A casa, per verificare le mie sconclusionate riflessioni, mettevo sotto torchio due dei miei tre figli, chiedendo loro perché non leggessero fumetti. Primogenito protestava, diceva che lui leggeva fumetti. Dopo un rapido scambio di accuse e informazioni varie, veniva fuori che nell’arco di un anno aveva comprato tre o quattro volumetti di fumetti (principalmente Saga di Vaughan e Fiona Staples). Alla richiesta di perché avesse scelto proprio quelli, diceva che aveva visto qualche vignetta su internet. Secondogenito diceva che anche lui leggeva fumetti, tipo le vignette che ogni tanto apparivano su Instagram.

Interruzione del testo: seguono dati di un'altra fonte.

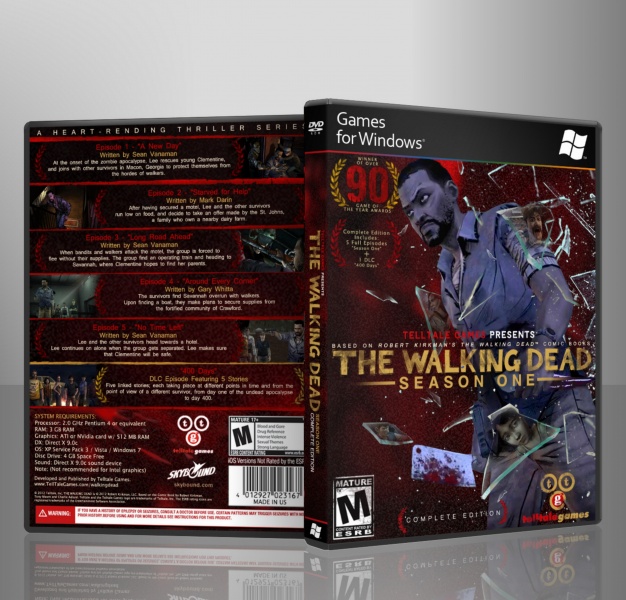 The Walking Dead: Season One: Complete Edition box art cover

E qui – se questo post avesse avuto qualcosa da dimostrare, una tesi per dire — ci starebbe una conclusione che tiri le fila di tutte le cose che ho scritto, ma la conclusione non c’è.
Anzi, dentro di me una voce mi dice che quella per le riviste anni novanta puzza di nostalgia, e che — cambiato il mercato — è cambiato anche il modo per distribuire fumetti: anche solo restando in Italia — ci sono autori molto seguiti come Zerocalcare, Leo Ortolani, Sio e molti altri che godono di un buon seguito di pubblico intergenerazionale e che sanno usare la rete per promuoversi e creare contenuti.
Ma talvolta la nostalgia non è davvero nostalgia, ma — per metà — è curiosità di capire i meccanismi delle cose — per l’altra metà — è la voglia di capire di cosa siamo fatti, oggi, di come i prodotti culturali della nostra adolescenza ci hanno formato, e come, e perché.